I always find it interesting how often the simplest hash table layouts end up performing best in real workloads. Once you avoid pointer chasing and keep everything in a compact array, CPU caches do most of the heavy lifting.

It’s also a good reminder that clarity of layout often beats more “clever” designs, especially when the dataset fits comfortably in memory.

▲

hinkley 3 days ago | parent | next [-]

Until you get high memory contention from the rest of the code. Once eviction gets high you get some pretty counterintuitive improvements by fixing things that seem like they shouldn’t need to be fixed.

My best documented case was a 10x speed up from removing a double lookup that was killing caches.

▲

crest 3 days ago | parent [-]

My best improvment was just bit-interleaving both axes of a 2x32bit integer coordinate (aka z-curve).
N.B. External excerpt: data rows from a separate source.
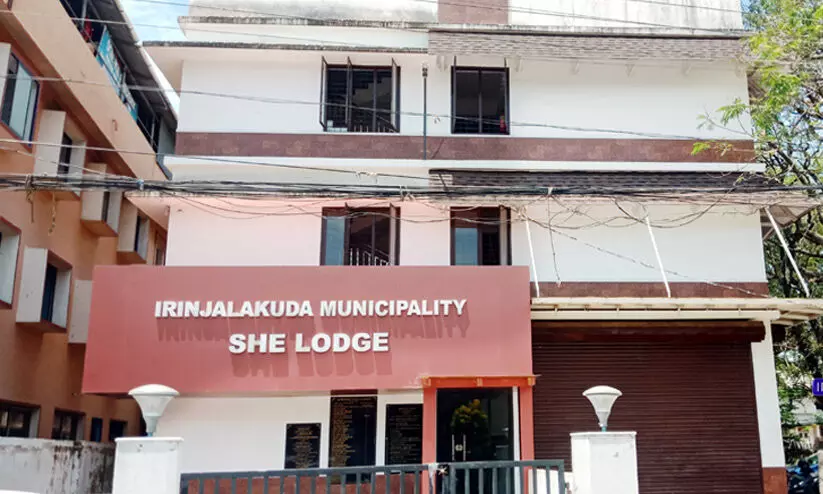 കാത്തിരിപ്പിന് വിട, ഇരിങ്ങാലക്കുട ഷീ ലോഡ്ജ് പ്രവർത്തനമാരംഭിച്ചു കാത്തിരിപ്പിന് വിട, ഇരിങ്ങാലക്കുട ഷീ ലോഡ്ജ് പ്രവർത്തനമാരംഭിച്ചു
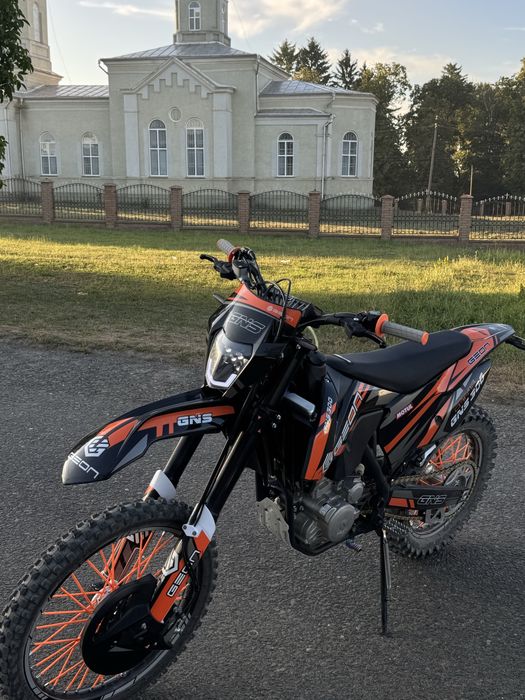 Продам Geon Dakar GNS 300, в дуже гарному стані!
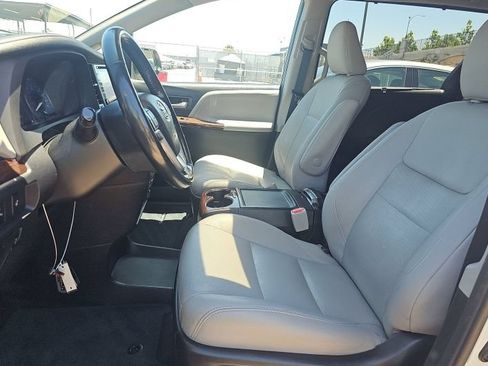 Used 2018 Toyota Sienna Limited w/ Carpet Mat Package FWD image 6
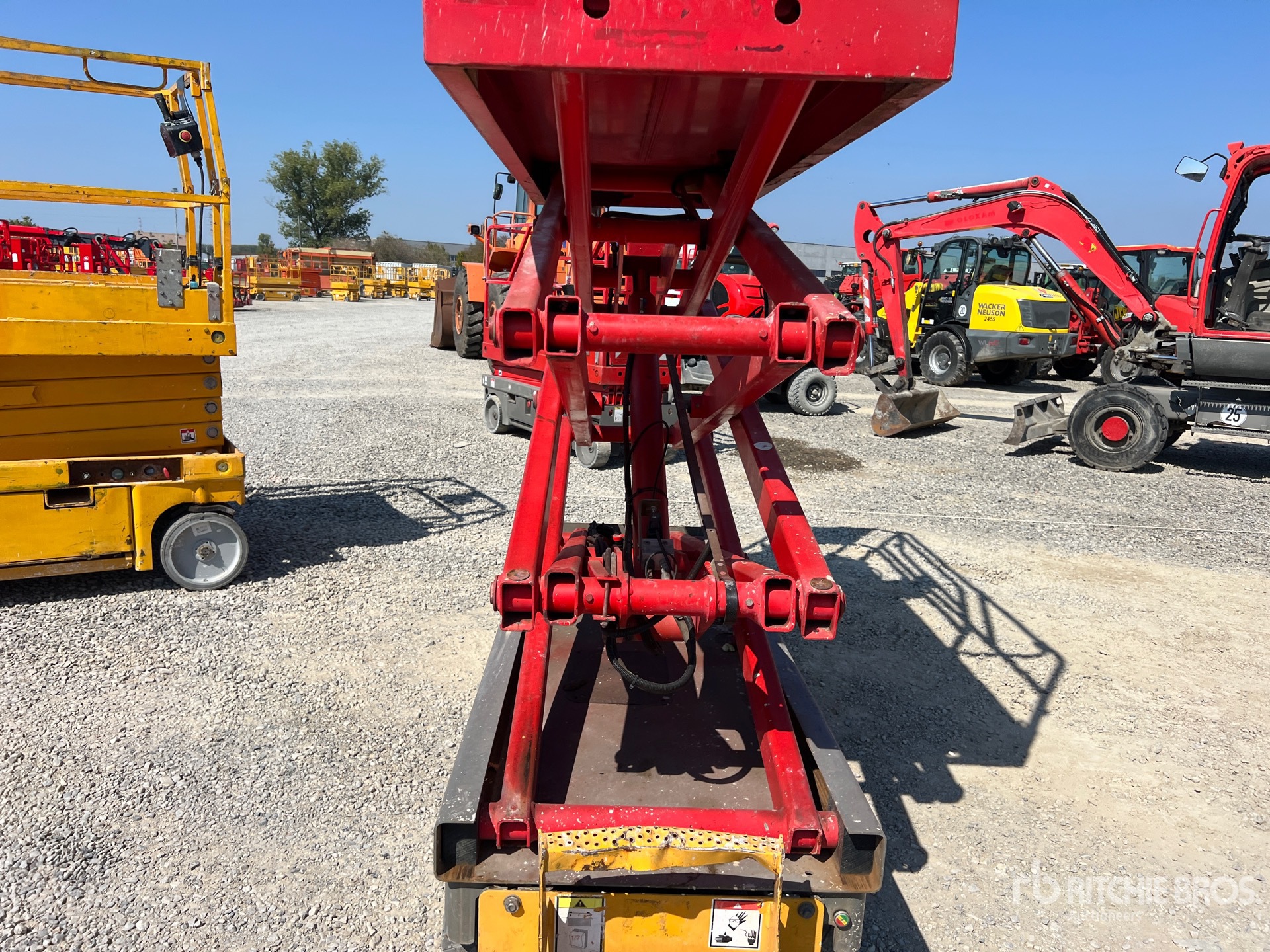 2008 Haulotte COMPACT8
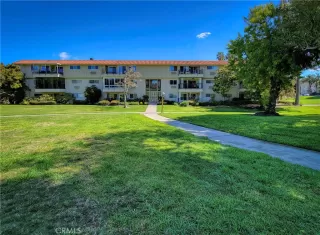 Photo #1: OC25050120 Listing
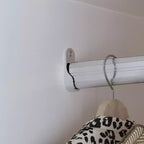 Armoire blanche Famapy avec tringle à vêtements et portes miroir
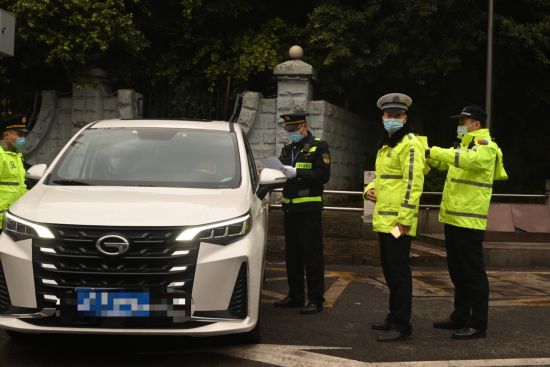 圖為執法人員正在詢問涉事網約車。張旭 攝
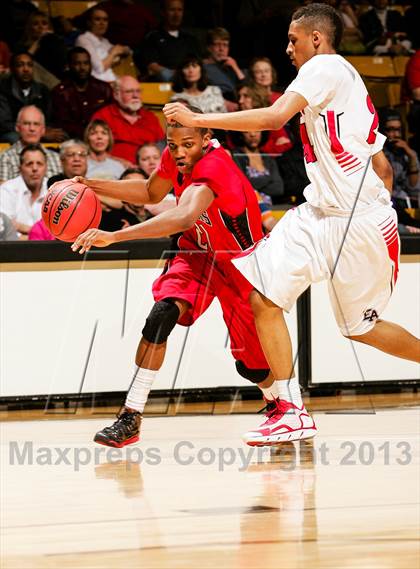 Thumbnail 1 in Denver East vs. Eaglecrest (CHSAA 5A Final) photogallery.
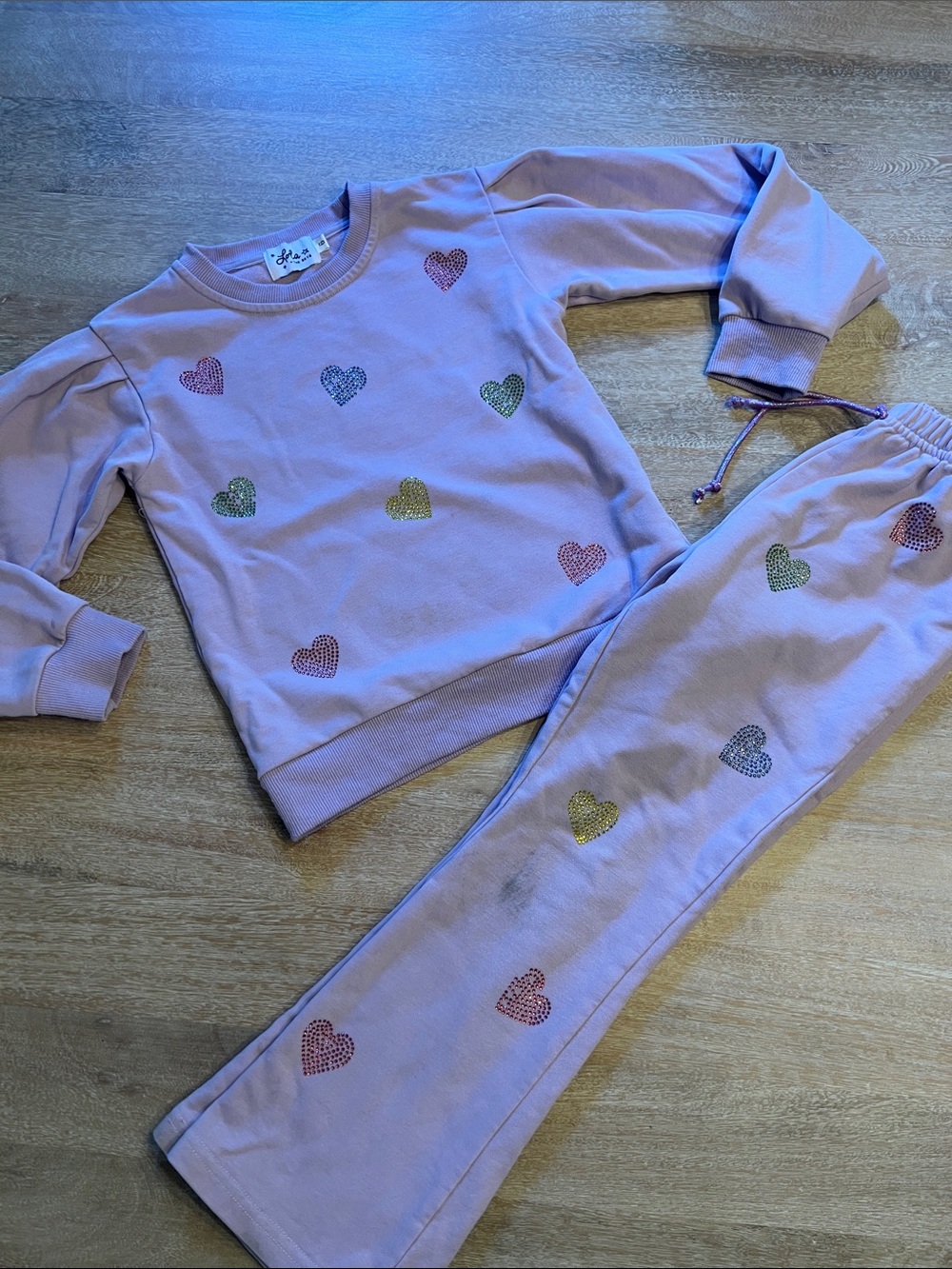 Lola and the boys sore 6 lavender crystal hearts set fair condition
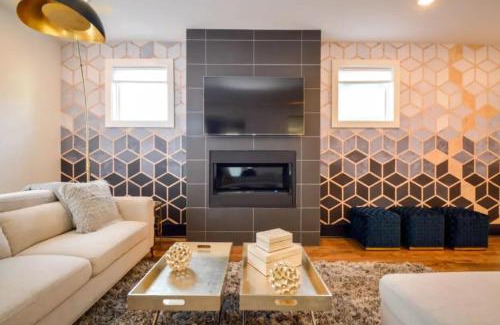 Edgehill House | Fantasy Oasis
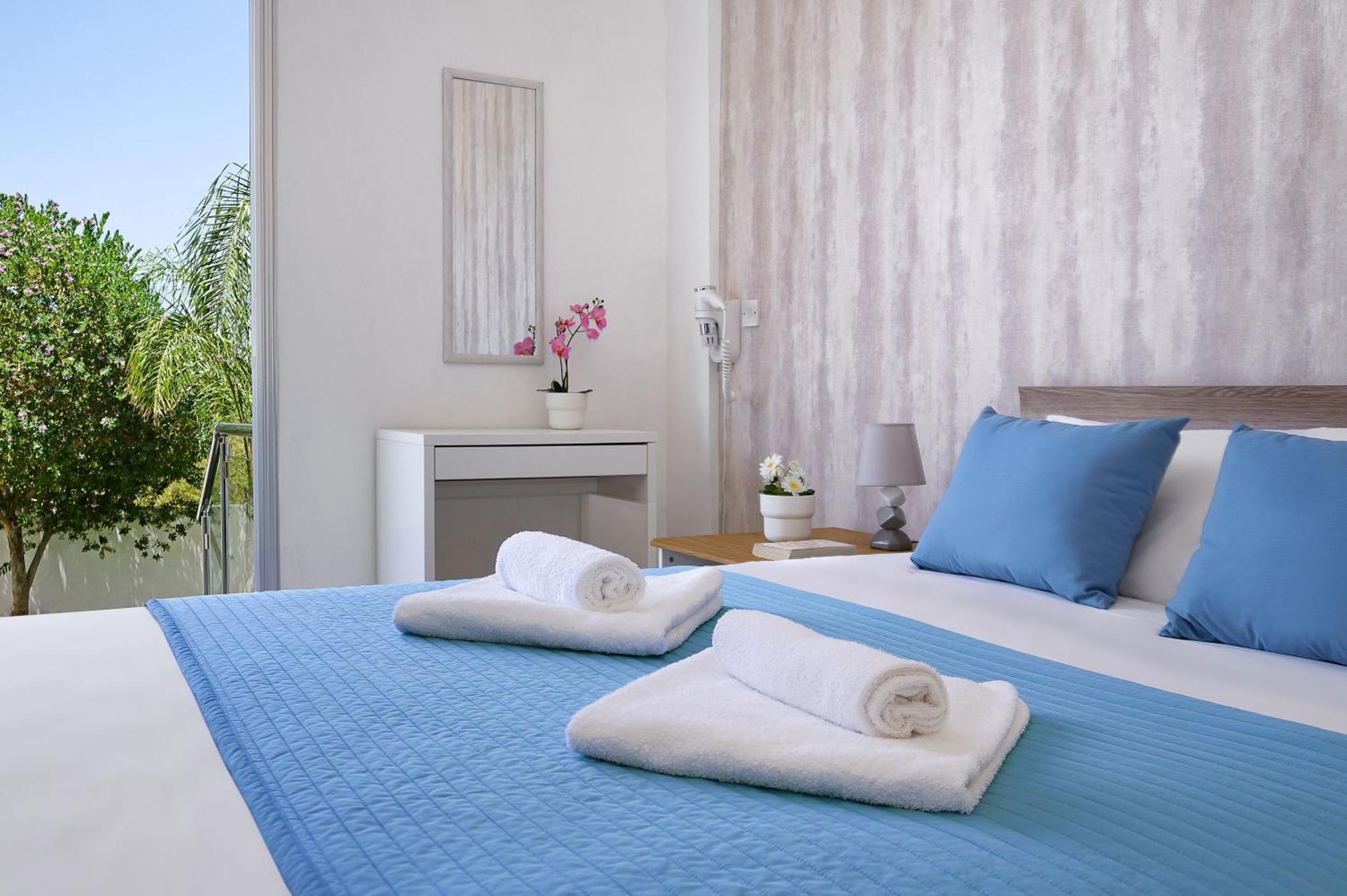 Meryl - Coralli Beachfront Apartment 普罗塔拉斯 外观 照片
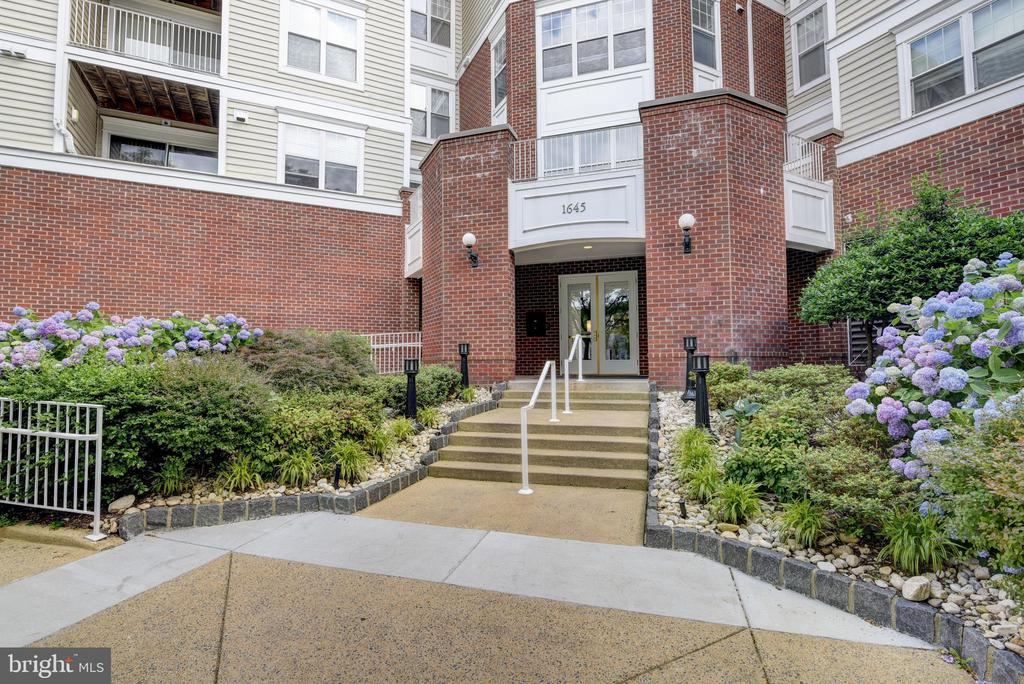 1645 INTERNATIONAL DRIVE Unit: 210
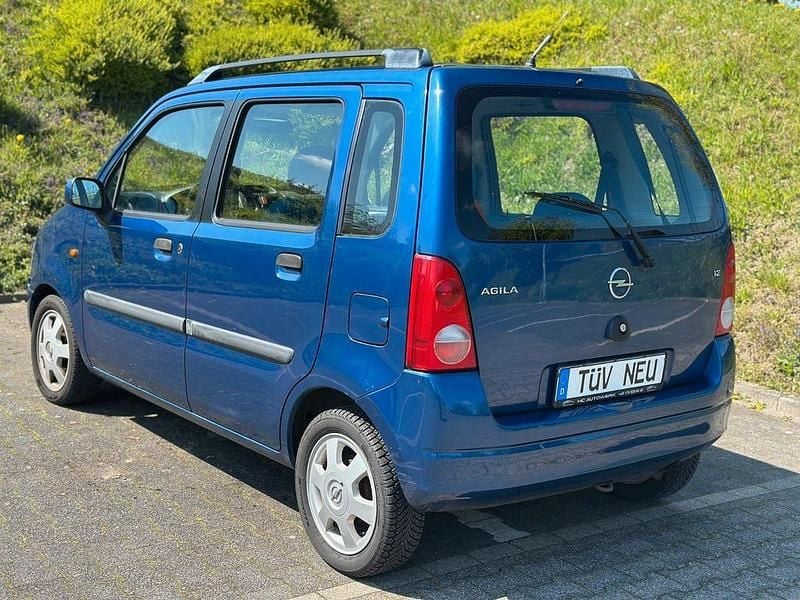 Usata Opel Agila 75 CV (55 kW) 2003 Blu Monovolume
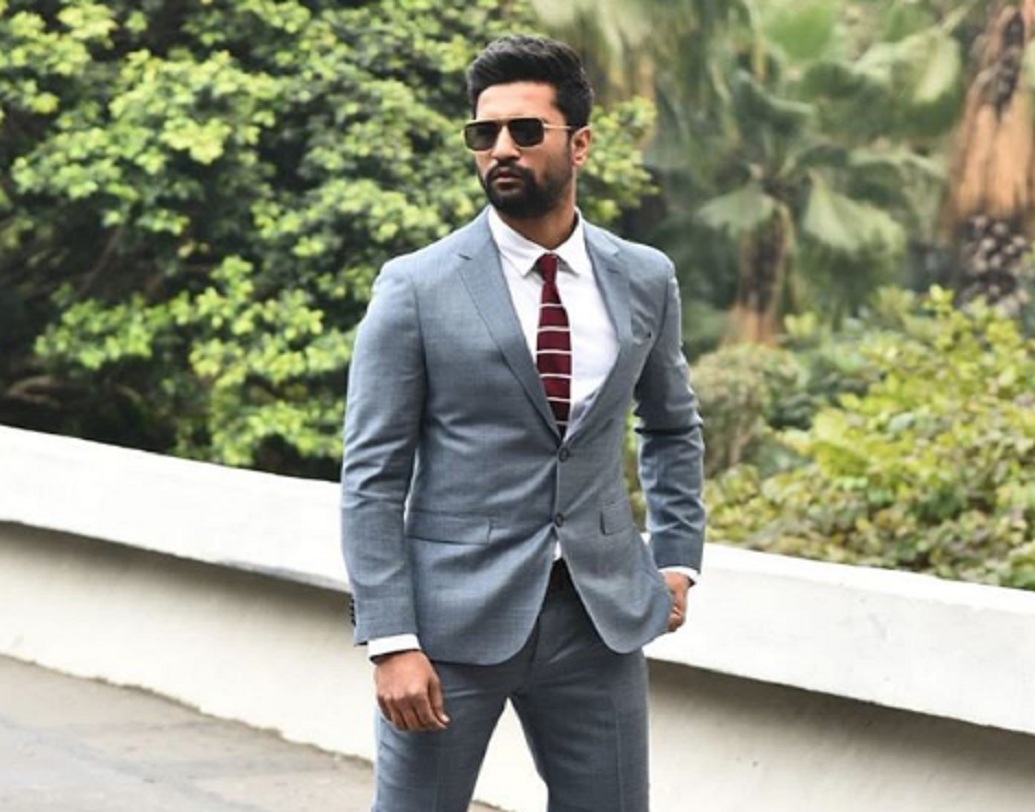 এর আগে, গতবছর রণবীর কপূরের সঙ্গে ‘সঞ্জু’ ছবিতে অভিনয় করেছিলেন ভিকি। ছবিতে রণবীরকেও ছাপিয়ে যান তিনি। সেই ছবি প্রায় ৩০০ কোটি টাকার ব্যবসা করেছিল। আলিয়া ভট্টের বিপরীতে ‘রাজি’ ছবিতেও ছিলেন ভিকি। ১০০ কোটির ক্লাবে সামিল হয় সেই ছবিও।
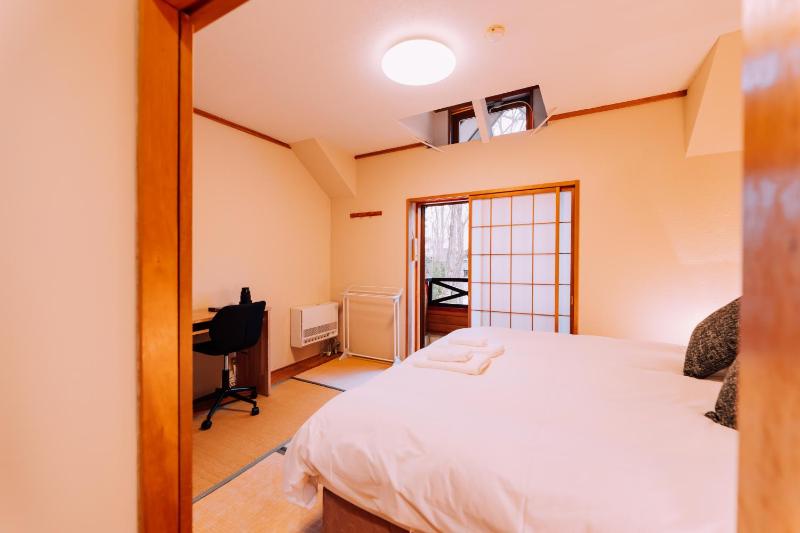 Double Black Hotel - image 6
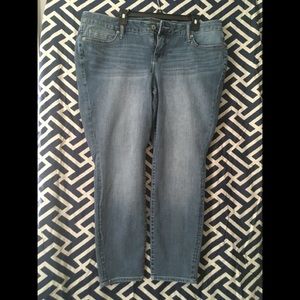 Torrid Premium Denim Jeans size 18r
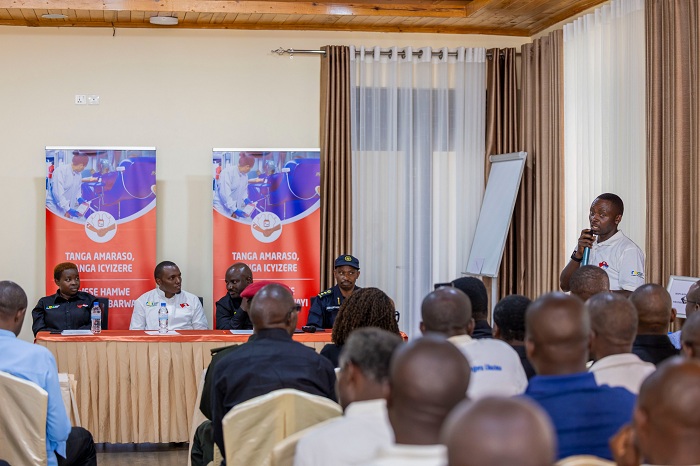 Habaye n'ibiganiro bishishikariza abantu gutanga amaraso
I obtained factor ~100x (yes factor not percent) throughput improvement over locality in only one dimension. All it took was ~10 lines of bit twiddling. The runtime went from a bit above 300ms to slightly less then 3ms.

▲

hinkley 3 days ago | parent | next [-]

End to end gets weird. I was asked to look at an admin page, nobody could figure out why it was 30s. Literally the first thing I tried got it under 4 and the second down to three. It was pulling the same list of rows twice, applying two filters and then looking at the intersection. I changed the signature to send the list as input instead of the query constraints. Then I changed them to avoid the intersect.

If you would have asked me to bet on which one would have had the bigger impact I would have split the difference.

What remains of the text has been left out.